In the records below, find the line containing "Indesit BAAN 23 V NX Refrigerator larawan", then copy that line and all lines after it, exactly, omitting every picture.

*** Supplied information ***

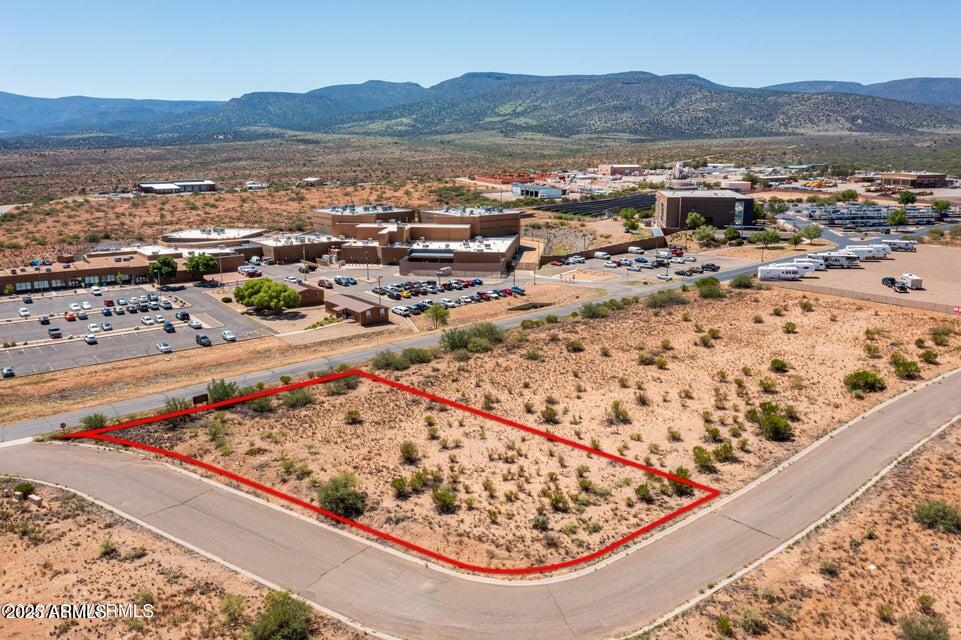 Homes for Sale in Queen Creek Arizona 4 2931 N Commonwealth Drive 23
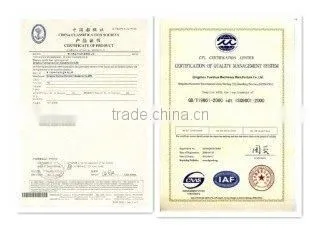 Qingzhou Yuanhua Environmental Technology Co., Ltd. company overview - view 3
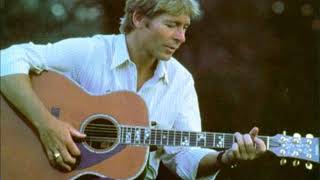 John Denver  Annies Song with lyrics [upl. by Donnamarie]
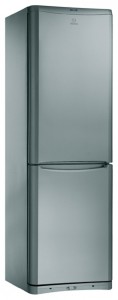 Indesit BAAN 23 V NX Refrigerator larawan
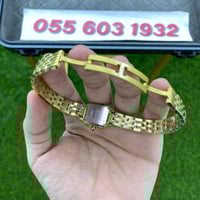 ساعة كارتير بانثر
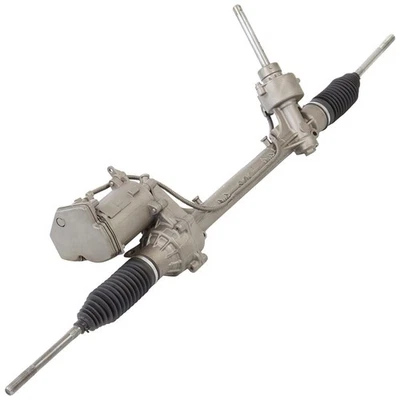 Estante de dirección asistida eléctrica y piñón GAP para Volvo V60 Cross Country Duralo Foto 1 de 4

***

**Exercise output:**
 Indesit BAAN 23 V NX Refrigerator larawan
 ساعة كارتير بانثر
 Estante de dirección asistida eléctrica y piñón GAP para Volvo V60 Cross Country Duralo Foto 1 de 4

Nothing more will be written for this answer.